The Centers for Medicare & Medicaid Services (CMS) released a final rule (the Final Rule) on December 20, 2016 which involves 3 latest mandatory episode-based payment programs for cardiac care, as well as the expansion of the Comprehensive Care for Joint Replacement Model (CJR). The models are executed by the CMS Innovation Center, under authority issued in the Affordable Care Act (ACA). CMS also developed a Medicare ACO Track 1+ Model in the Final Rule to incentivize more small practices to proceed to performance-based risk.
The Cardiac Care Model (episode-based payment model for cardiac care) will need mandatory participation by entire hospitals within ninety-eight randomly-selected metropolitan statistical places (MSAs) with a population of almost 50,000 and nearly 75 Acute Myocardial Infarction (AMI) eligible cases. The Cardiac Care Model starts on the day of July 1, 2017 and sustains through December 31, 2021. Retrospective episode-based payments will be received by the hospitals for treating heart attacks and bypass surgeries, and they’ll be financially accountable for all care from the date of the hospitalization for the procedure through the date ninety days following the hospital discharge. AMI episodes (MS-DRGs 280-282 or 246-251) and coronary artery bypass graft surgery episodes (CABG) (MS-DRGs 231-236) are involved in the Cardiac Care Model.

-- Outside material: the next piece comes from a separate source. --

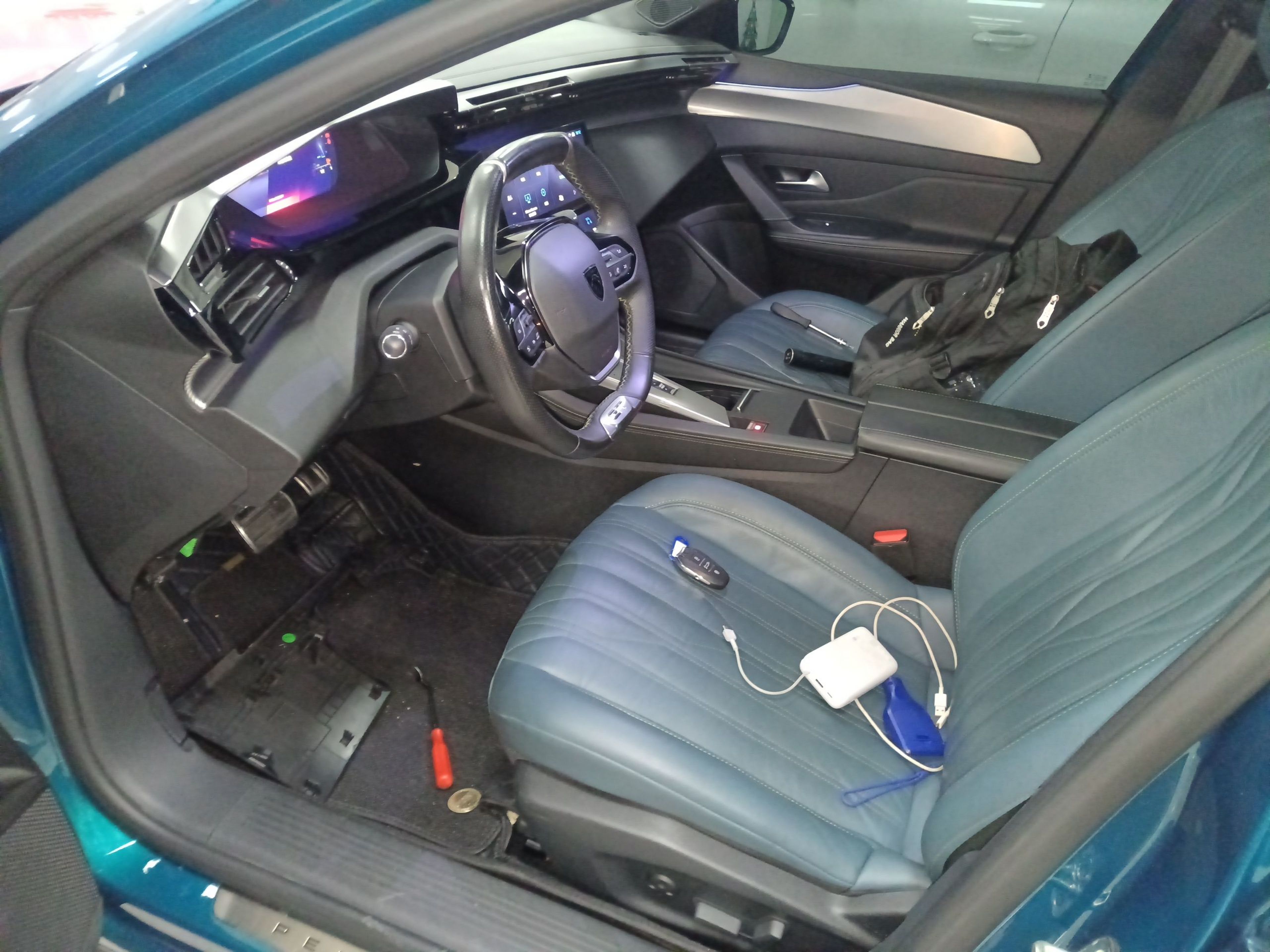 المقاعد الأمامية داخل السيارة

The Cardiac Rehabilitation Incentive Payment Model has been included in the Final Rule, which will be utilized across 45 geographic areas. CMS is testing either a payment incentive can increase the utilization of cardiac rehabilitative services under this model. Incentive payments will be received by hospitals from CMS based on the frequency of cardiac rehabilitation utilization.

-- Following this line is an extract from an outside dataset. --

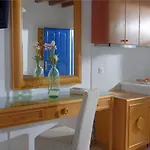 Adonis شقة كالو ليفادي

Furthermore, the CJR model is expanded under the Final Rule to involve surgical hip and femur fracture treatments (MS-DRGs 480-482). The CJR model has a goal to test bundled payments and quality measurement for an episode of care related to hip and knee replacements.
A new "Medicare ACO Track 1+ Model," has also been declared by CMS which starts in the year of 2018. This will test a payment model which involves a more restricted downside risk than in Tracks 2 or 3 of the Medicare Shared Savings Program (MSSP). CMS expects this will motivate more progression to performance-based risk, particularly among small practices. This model will qualify as an Advanced Alternative Payment Model under the (Medicare Access and CHIP Reauthorization Act of 2015). The latest model involves the following elements from Track 3 of the MSSP: prospective beneficiary assignment, which permits ACOs to know in advance the sufferer population for which the ACO is accountable; choice of symmetrical thresholds from which to begin sharing in savings or losses; and the choice to elect the Skilled Nursing Facility 3-Day Rule Waiver, which gives higher flexibility to the ACO.
CMS sustains to shift Medicare payments from traditional fee-for-service to value-based payments with these new alternative payment models. The new payment models, involving the Cardiac Rehabilitation Incentive Payment Model, Cardiac Care Model, and the expanded CJR, all qualify as Advanced Alternative Payment Models under MACRA, and hence present opportunities for clinicians who collaborate with participant hospitals to qualify for a 5% incentive payment.